Pointer comparison in C

Question

If I allocated something like

 size_t n = ???;
 unsigned char* s = malloc(n);

will it be perfectly defined behaviour to compare pointers to locations s + i for 0 <= i < n in the sense that s + i < s + j if and only if i < j? Probably it is, but one reads that pointer comparison is defined only in a contagious array, and to a beginner it is not clear if an allocated thing as above would count as an "array" since that term has also a formal meaning in C, and also one reads about virtual memory without fully yet digesting that, and starts to worry... So I thought to ask to make sure.

Answer 1

The C standard has its problem here. Because what's returned from malloc is just a chunk of memory with no declared type. In theory it is not an array or any other type (yet). In practice the compiler must treat it like an array or otherwise the whole C language falls apart. Nobody thought of this when the C99 standard was designed and ISO C working groups since then have shied away from fixing the problem.

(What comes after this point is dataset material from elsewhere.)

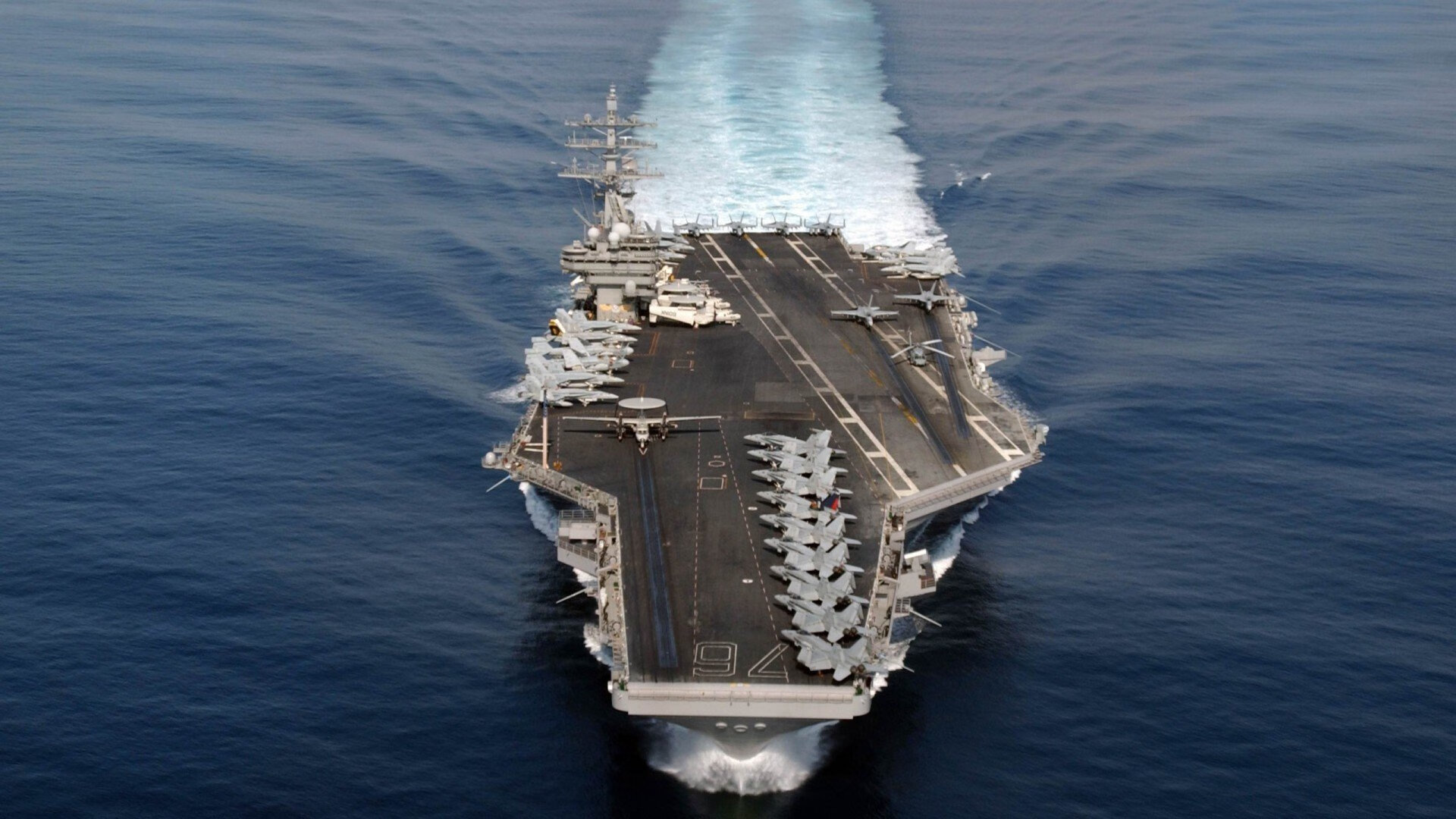 随机马德里竞技鏖战一场，不敌对手遗憾失利，马德里竞技战绩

To tell if something is a valid access, we need to know its type, or if there is no declared type like in the malloc case, then at least we need to know the effective type, which is a system that the C standard launched with C99 to address such scenarios.

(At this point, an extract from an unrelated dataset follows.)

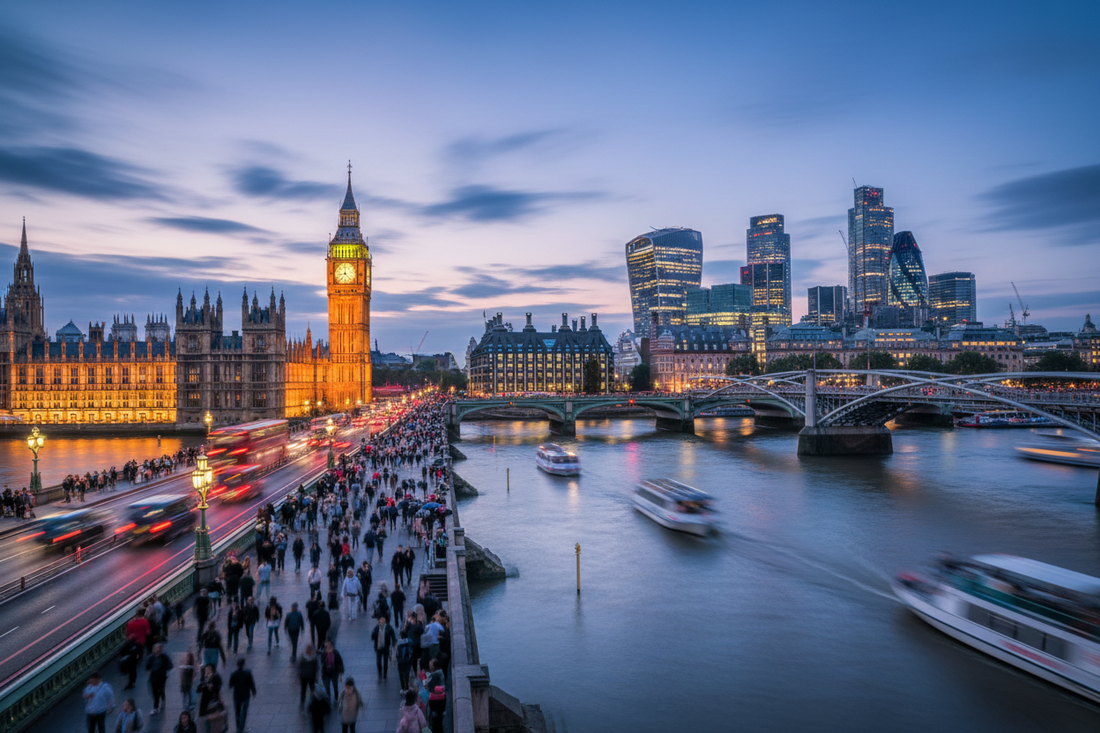 Where to Buy THCA in London and Why Online Wins Every Time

Formally, s points at memory location having no declared type. C17 6.5 §6 then says:

For all other accesses to an object having no declared type, the effective type of the object is simply the type of the lvalue used for the access.

But you don't access it, so it has no effective type either. And since it has neither a declared nor an effective type, it cannot be an array of some type either. Doing pointer arithmetic on s which is not an array, is undefined behavior per C17 6.5.6 §8. Unless you access it first and thereby mark it as some sort of effective type.

Obviously we can't read the C standard literally here - it is broken. Specifically, it has the following defects:

• 6.5 §6 does not address how to treat "aggregate types" (arrays, structs) nor how to treat type qualifiers (const, volatile), in regards of effective type.
• 6.5.6 §8 does not support pointer arithmetic on items with no effective type.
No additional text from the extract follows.